South Africa: Empowerment and skills for women’s development
05 November 2019
“I am a woman. I am powerful, I am a role model, and I am intelligent. I have a heart of gold.” This is what one of the students of the Arrupe Women’s Skills Centre wrote when she was asked to define women.
She and ten other girls participate in Abbie Adeola’s hairdressing class at the Arrupe Women’s Skills Centre run by the Jesuit Refugee Service (JRS) in Johannesburg, South Africa. “I love my job,” explains Adeola, “I have empowered myself, now I empower other women. When they are educated, they go far.”
The Arrupe Women’s Skills Centre offers vocational training to refugees, asylum seekers, and local women. The beneficiaries can attend hairdressing, beauty, computer, and English classes. The same programs are offered at JRS’s Loyola Women’s Skills Centre, in Pretoria.

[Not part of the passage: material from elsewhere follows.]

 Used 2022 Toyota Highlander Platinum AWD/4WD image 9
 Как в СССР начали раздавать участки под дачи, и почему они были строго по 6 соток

“The aim is to equip them with skills to become self-reliant and get employment,” states Tereda van Heerden, manager of both centres. Some participants then start their own businesses –which also creates new employment opportunities in the community.
Most of the students come from the Democratic Republic of Congo (DRC), Zimbabwe, Nigeria, and Burundi. Xenophobia, racism, unemployment, exploitation, language barriers, lack of documents, sexual and gender-based violence, or raising children as a single mother are all difficulties faced by these women who have been forced to leave their home country behind.
Education is the first step for them to claim their rights as women and as integrated members in their host community.
“I spent three years without a job”, says Joy, a mother of five and a refugee from Nigeria. She has been living in South Africa for nine years, but she could never get a job. She was selling on the streets with her husband, but they could not afford the license. “It gets difficult to feed my children, pay rents, school fees. It is painful.” She decided to join JRS’s beauty classes to change her situation. “It is important to study, staying at home does not help.”
“I want to have my own place [to] do nails, massages, and make-up,” explains Vanessa. She used to be a receptionist for a hotel in South Africa, but she has not been able to find work for the past three years. The Arrupe Women’s Skills Centre gives her and her female peers a safe space to share and discuss the challenges they face.
As Thato Masuku, a social worker at Arrupe and Loyola, says: “We don’t just give them the skills. We give them empowerment tools: workshops, how to start a business, health, hygiene, group counseling in order to get educated from their peers… We help them to see who they really are and to be self-dependent.”